(Given material):
--

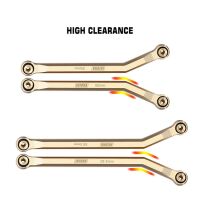 INJORA 8PCS 36g Heavy Brass High Clearance Chassis 4 Links Set for Axial SCX24 Deadbolt Betty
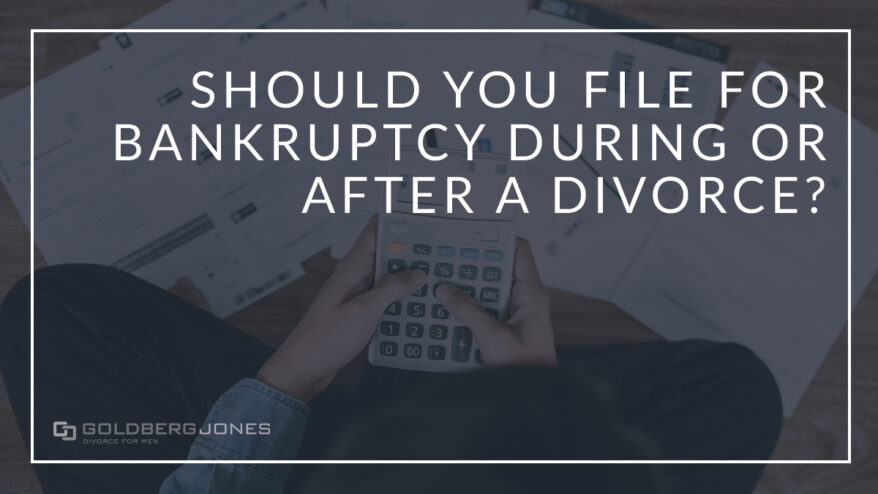 Can You File For Bankruptcy During Divorce?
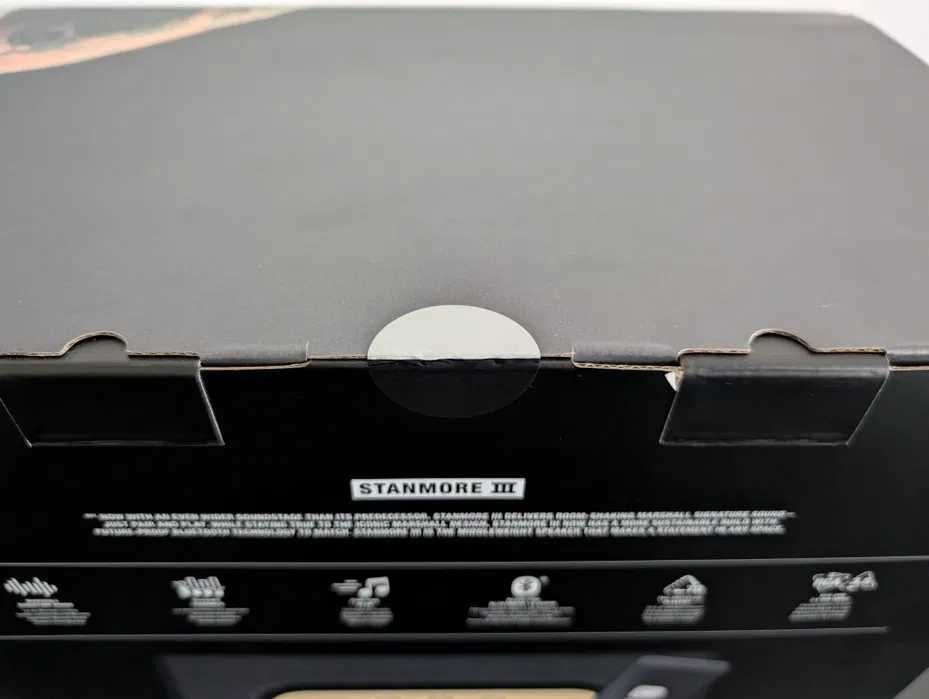 Coluna Bluetooth Marshall Stanmore III - Preto Selado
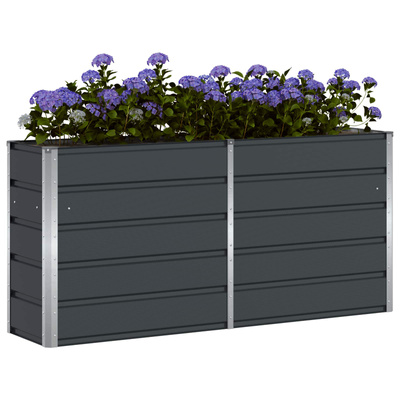 Donica Antracyt 160 x 40 x 75 cm Stal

--

(What is needed):
Please print the data above once more, exactly and without images.

(Worked solution):
 INJORA 8PCS 36g Heavy Brass High Clearance Chassis 4 Links Set for Axial SCX24 Deadbolt Betty
 Can You File For Bankruptcy During Divorce?
 Coluna Bluetooth Marshall Stanmore III - Preto Selado
 Donica Antracyt 160 x 40 x 75 cm Stal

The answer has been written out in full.